I have a dataframe of over 2000 items, and I am using pytorch-forecasting to try to predict prices based on dates and two more features. Following the stallion tutorial, I created a time index of 13 months; product_id and month are categories, and the other two features are continuous. Each product has a different number of rows and dates, but includes a full set of time_idx from 0 to 12 inclusive. I have the following questions:
When converting the dataframe into a TimeSeriesDataset, I added the categorical_encoders parameter with a dictionary containing month and product_id as keys and 'NaNLabelEncoder(add_nan=True)' as values, after getting the error of KeyError: "Unknown category '4' encountered. Set add_nan=True to allow unknown categories", but I am not sure if that was correct usage of the parameter.
The suggested learning rate: 9.549925860214362e-06 - is this not unusually small?
When creating the TemporalFusionTransformer model, I added log_interval=0 , which was suggested as a ' "hacky" workaround' to the histogram error in github issue 376 since I had the same error . Is this the only solution? I am still not able to see the histograms later.
When I try to return raw_predictions, I get the following error:
raw_predictions, x = best_tft.predict(val_dataloader, mode="raw", return_x=True, show_progress_bar=True)
RuntimeError Traceback (most recent call last)
in
1 #raw predictions are a dictionary from which all kind of information including quantiles can be extracted
----> 2 raw_predictions, x = best_tft.predict(val_dataloader, mode="raw", return_x=True)
~\anaconda3\lib\site-packages\pytorch_forecasting\models\base_model.py in _concatenate_output(output)
90 # concatenate simple tensors
91 if isinstance(v0, torch.Tensor):
---> 92 output_cat[name] = _torch_cat_na([out[name] for out in output])

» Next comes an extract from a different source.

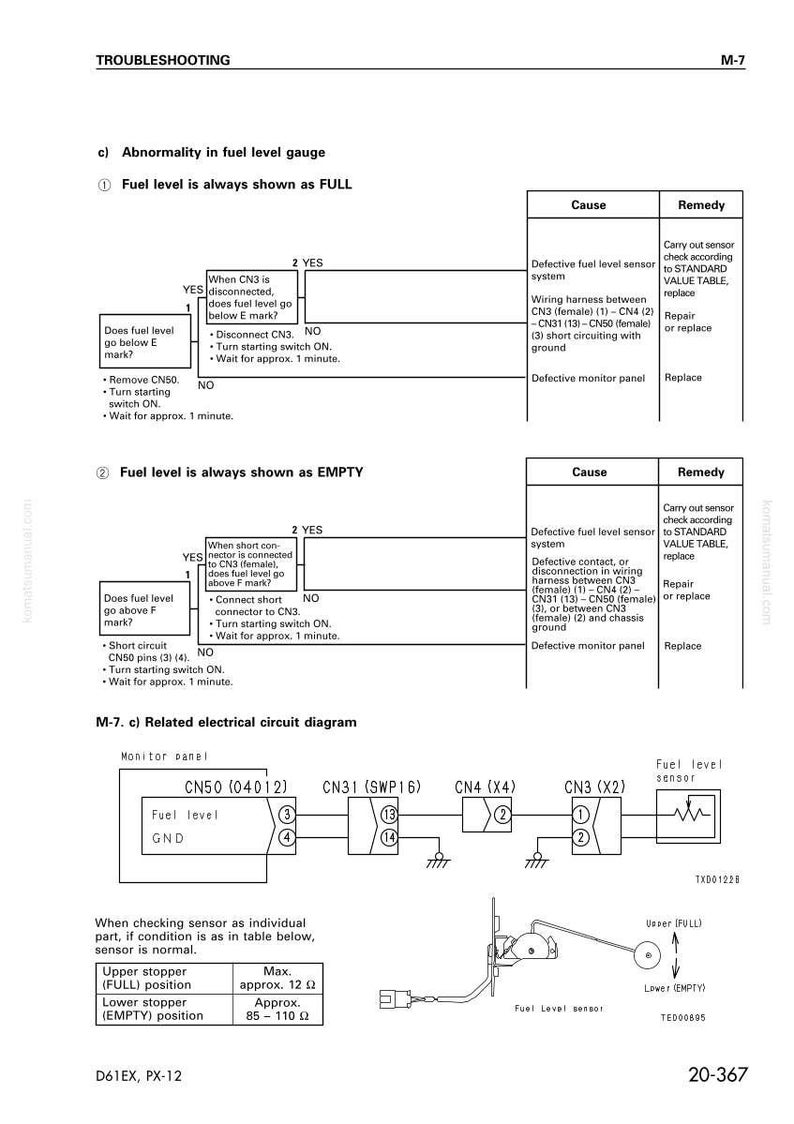 May include: A detailed diagram from a Komatsu manual, labeled M-7, showing troubleshooting steps for a fuel level gauge. The diagram includes flowcharts, electrical circuit diagrams, and component details for diagnosis and repair.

93 # concatenate list of tensors
94 elif isinstance(v0, (tuple, list)) and len(v0) > 0:
~\anaconda3\lib\site-packages\pytorch_forecasting\models\base_model.py in _torch_cat_na(x)
68 for xi in x
69 ]
---> 70 return torch.cat(x, dim=0)
71
72
RuntimeError: torch.cat(): Sizes of tensors must match except in dimension 0. Got 347 and 354 in dimension 3 (The offending index is 1)
When trying to plot raw predictions, I get an error, for example:
best_tft.plot_prediction(x, raw_prediction, idx=0)
RuntimeError Traceback (most recent call last)
in
4 return_x=True,
5 )
----> 6 best_tft.plot_prediction(x, raw_prediction, idx=0);
~\anaconda3\lib\site-packages\pytorch_forecasting\models\temporal_fusion_transformer\__init__.py in plot_prediction(self, x, out, idx, plot_attention, add_loss_to_title, show_future_observed, ax)
684 # add attention on secondary axis
685 if plot_attention:
--> 686 interpretation = self.interpret_output(out)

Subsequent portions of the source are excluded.